HOW TO COMPLETE THIS TASK: Omit all pictures. Reproduce exactly the lines from the first line of the records below through the line with "summertime day 133345044".

MATERIAL FOR THE TASK Block Start

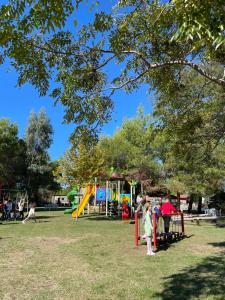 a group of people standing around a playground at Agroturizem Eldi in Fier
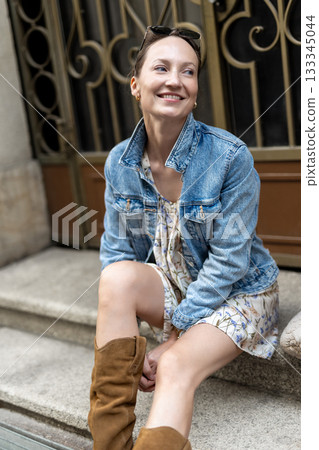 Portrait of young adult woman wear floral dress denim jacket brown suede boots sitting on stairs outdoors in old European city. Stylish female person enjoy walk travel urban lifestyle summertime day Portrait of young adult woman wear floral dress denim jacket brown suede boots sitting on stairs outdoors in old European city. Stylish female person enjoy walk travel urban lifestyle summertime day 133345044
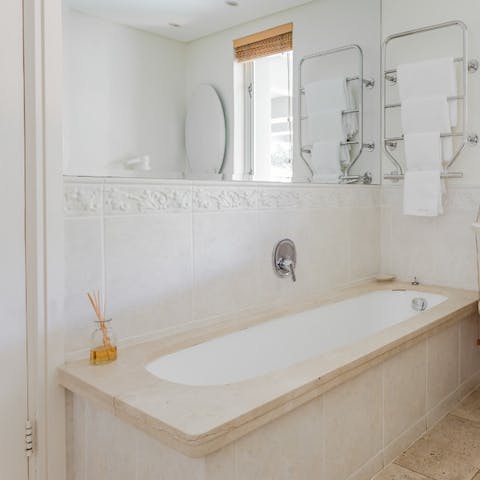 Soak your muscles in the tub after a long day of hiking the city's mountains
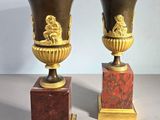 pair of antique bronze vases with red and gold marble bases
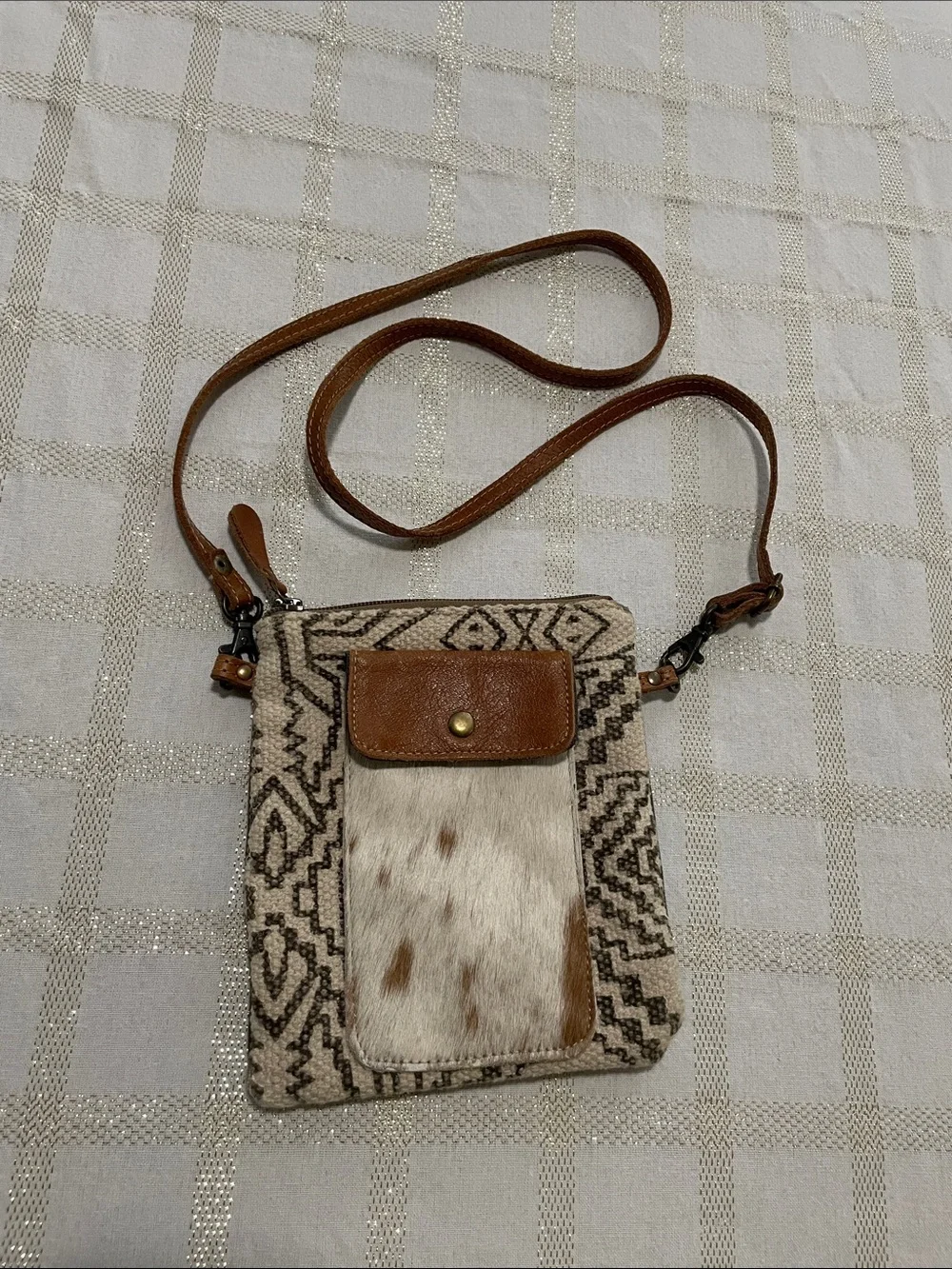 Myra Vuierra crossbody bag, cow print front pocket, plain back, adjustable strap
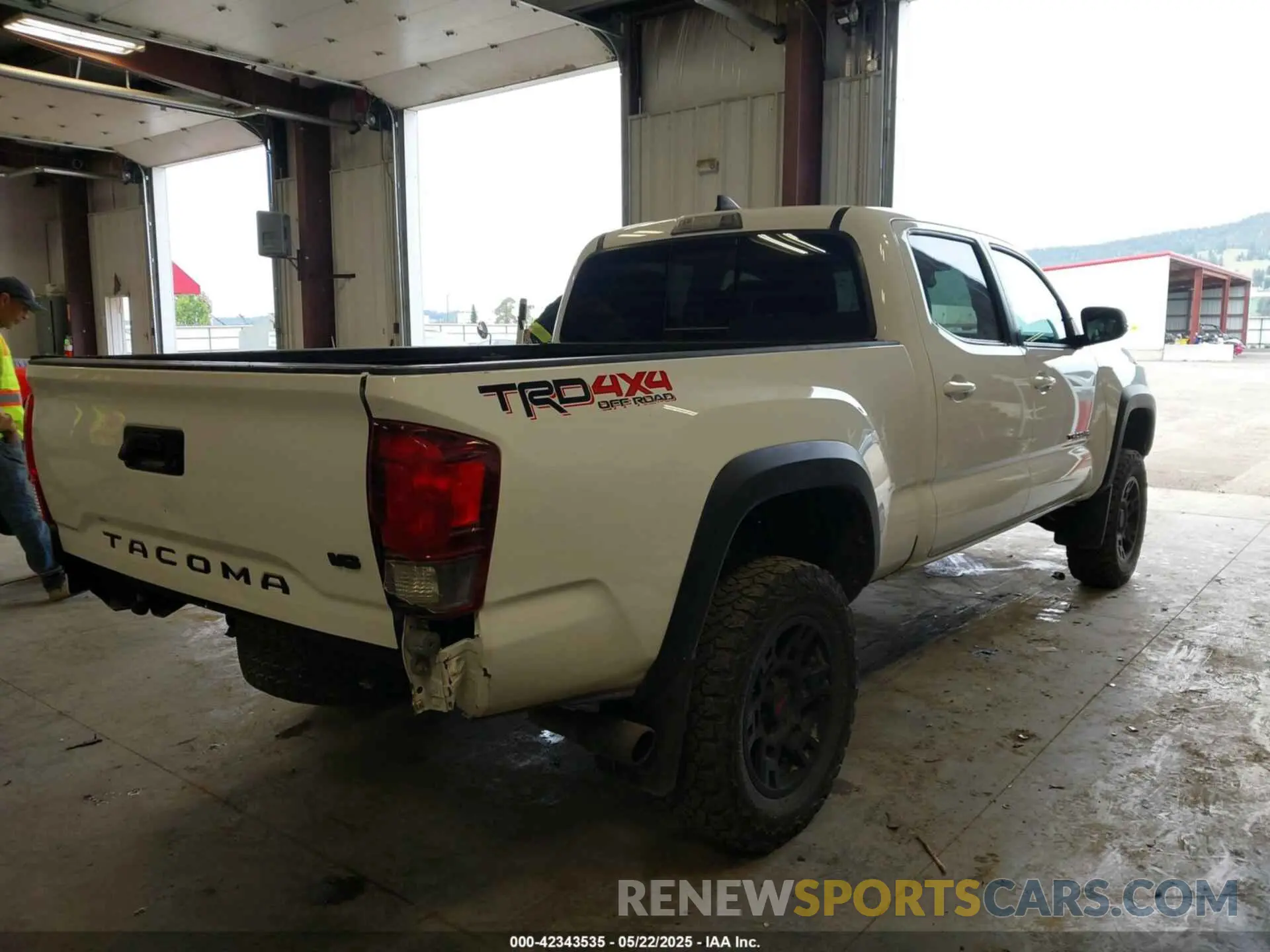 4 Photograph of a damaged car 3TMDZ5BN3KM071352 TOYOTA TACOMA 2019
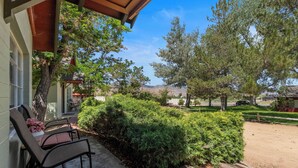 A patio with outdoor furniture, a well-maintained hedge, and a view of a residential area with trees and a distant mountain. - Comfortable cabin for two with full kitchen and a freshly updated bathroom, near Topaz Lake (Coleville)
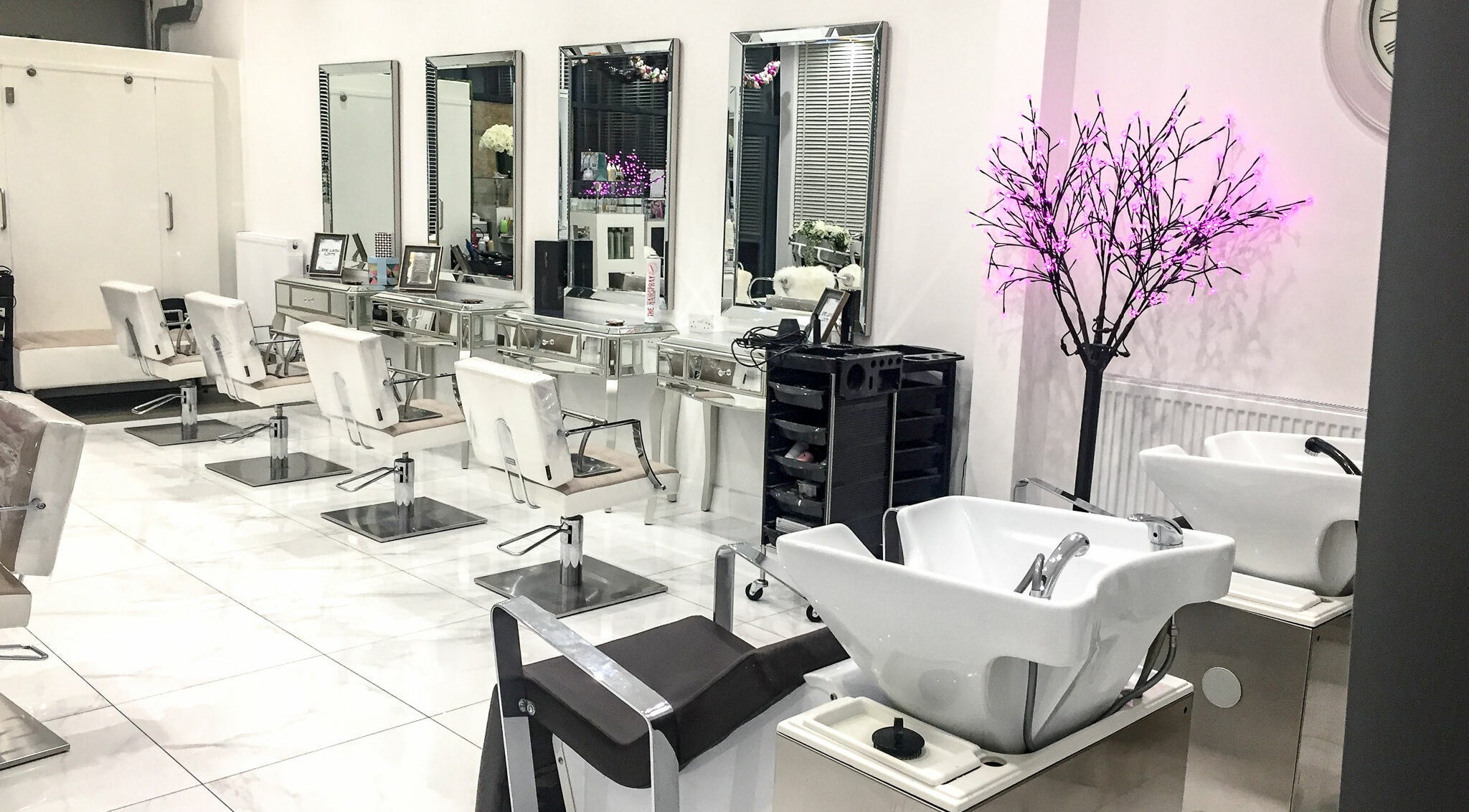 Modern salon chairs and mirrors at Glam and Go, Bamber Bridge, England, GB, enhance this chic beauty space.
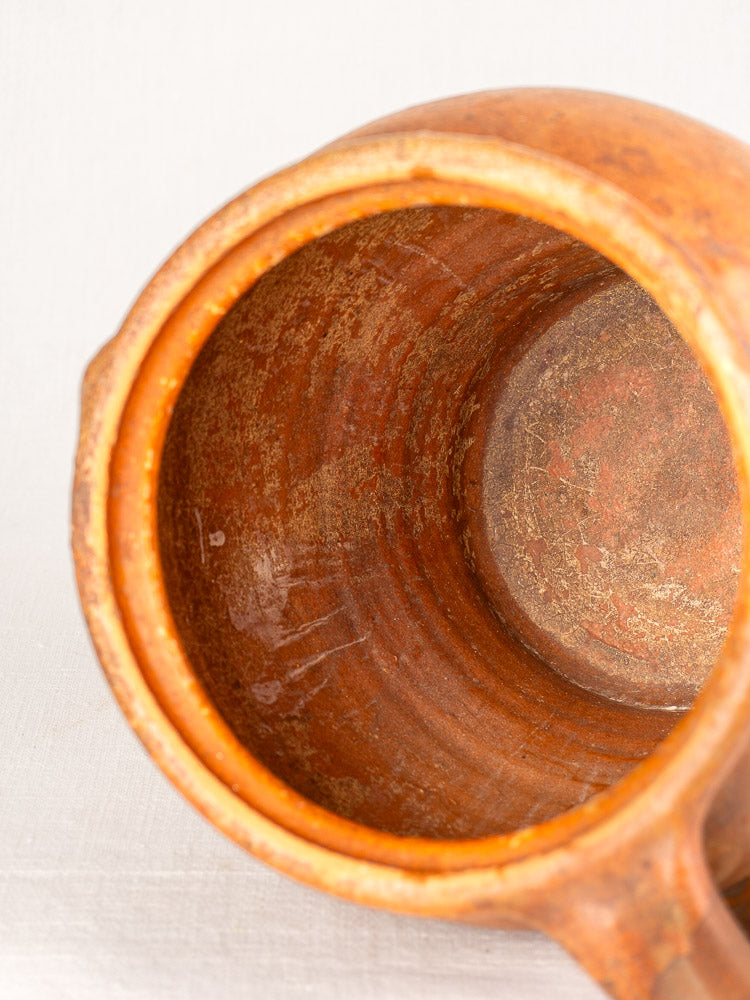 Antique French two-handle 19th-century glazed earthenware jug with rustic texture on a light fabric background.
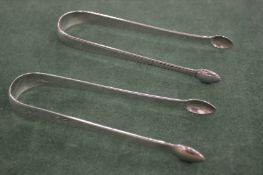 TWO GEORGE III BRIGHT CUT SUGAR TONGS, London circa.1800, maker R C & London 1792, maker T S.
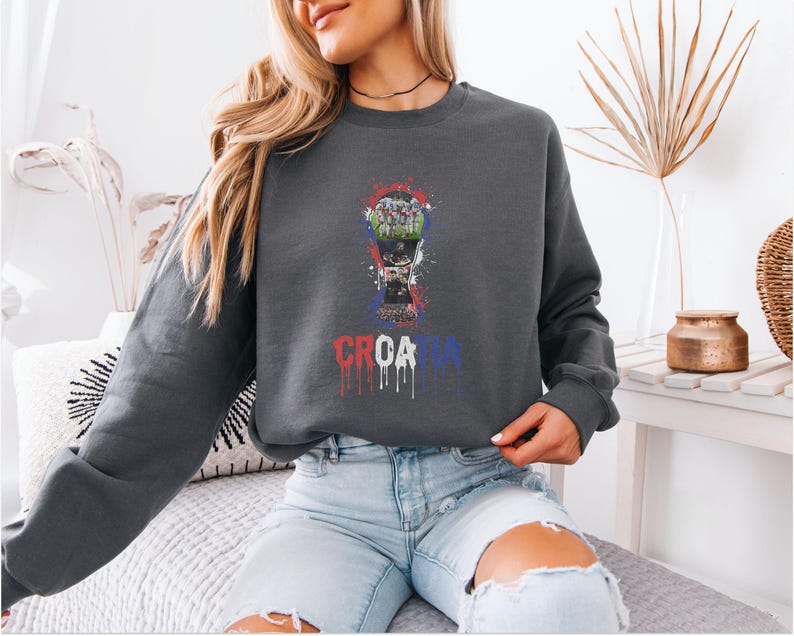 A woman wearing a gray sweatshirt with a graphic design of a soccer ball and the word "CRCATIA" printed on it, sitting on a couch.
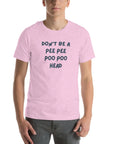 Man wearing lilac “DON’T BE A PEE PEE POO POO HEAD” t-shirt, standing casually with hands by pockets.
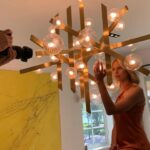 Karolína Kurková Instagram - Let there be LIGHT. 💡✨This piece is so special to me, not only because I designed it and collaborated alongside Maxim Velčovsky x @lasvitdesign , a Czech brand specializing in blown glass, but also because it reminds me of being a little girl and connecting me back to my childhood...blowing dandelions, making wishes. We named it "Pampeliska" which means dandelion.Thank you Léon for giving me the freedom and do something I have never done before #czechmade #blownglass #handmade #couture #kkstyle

MATERIAL FOR THE TASK Block End

RESPONSE AREA:
 a group of people standing around a playground at Agroturizem Eldi in Fier
 Portrait of young adult woman wear floral dress denim jacket brown suede boots sitting on stairs outdoors in old European city. Stylish female person enjoy walk travel urban lifestyle summertime day Portrait of young adult woman wear floral dress denim jacket brown suede boots sitting on stairs outdoors in old European city. Stylish female person enjoy walk travel urban lifestyle summertime day 133345044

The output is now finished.